Every line of the material is to be returned verbatim. Pictures stay out.

Dataset excerpt:

<<<<

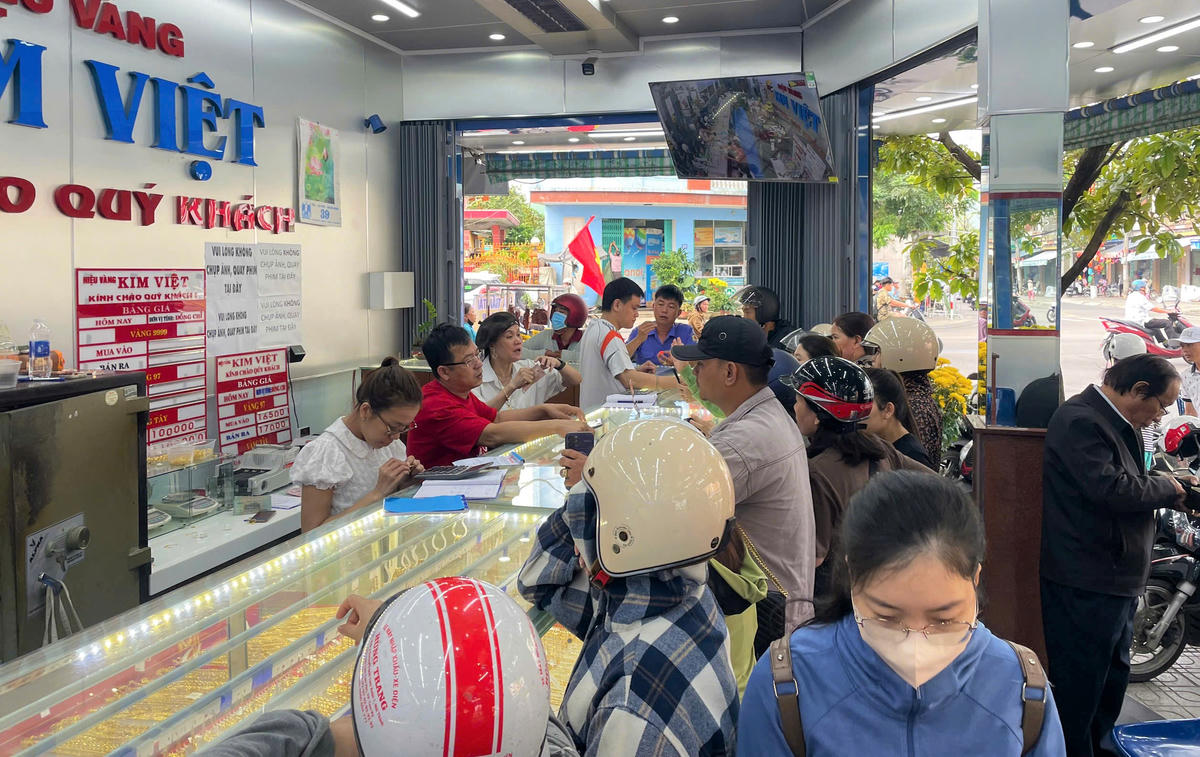 Nhiều người dân đang mua vàng nhân ngày vía Thần Tài. Ảnh: CV.
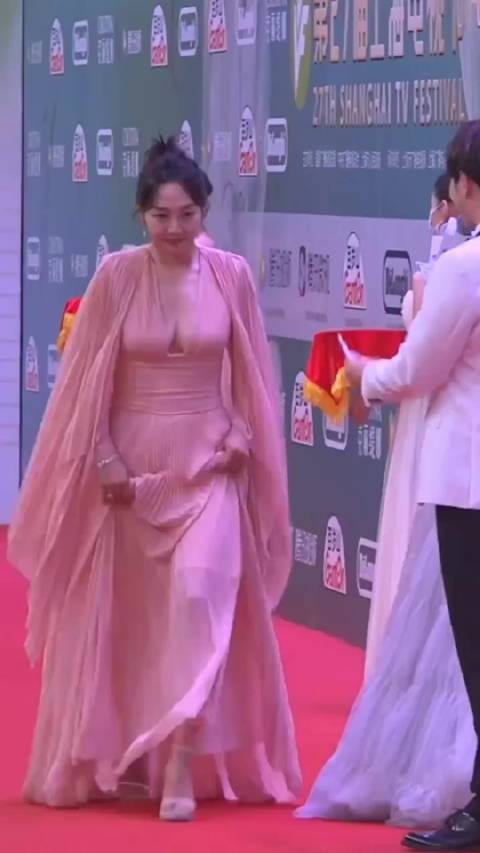 白百何白玉兰奖红毯现场，身穿粉色深V礼服美丽大方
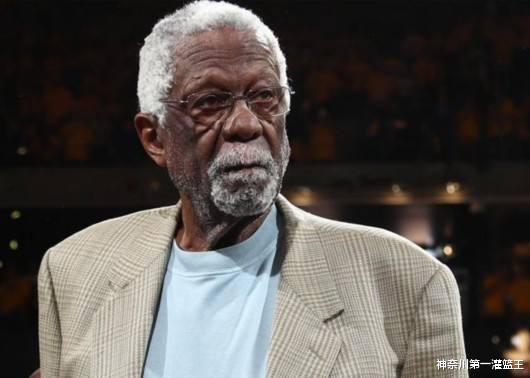 德安吉洛·拉塞爾|可愛的老頭，拉塞爾拍賣戴了兩年的科比帽子，狀態(tài)有些不對勁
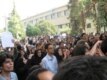 صدها دانشجوی مخالف آقای احمدی نژاد شعارهایی نظیر «مرگ بر دیکتاتور» سر دادند.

>>>>

Output of the task:
 Nhiều người dân đang mua vàng nhân ngày vía Thần Tài. Ảnh: CV.
 白百何白玉兰奖红毯现场，身穿粉色深V礼服美丽大方
 德安吉洛·拉塞爾|可愛的老頭，拉塞爾拍賣戴了兩年的科比帽子，狀態(tài)有些不對勁
 صدها دانشجوی مخالف آقای احمدی نژاد شعارهایی نظیر «مرگ بر دیکتاتور» سر دادند.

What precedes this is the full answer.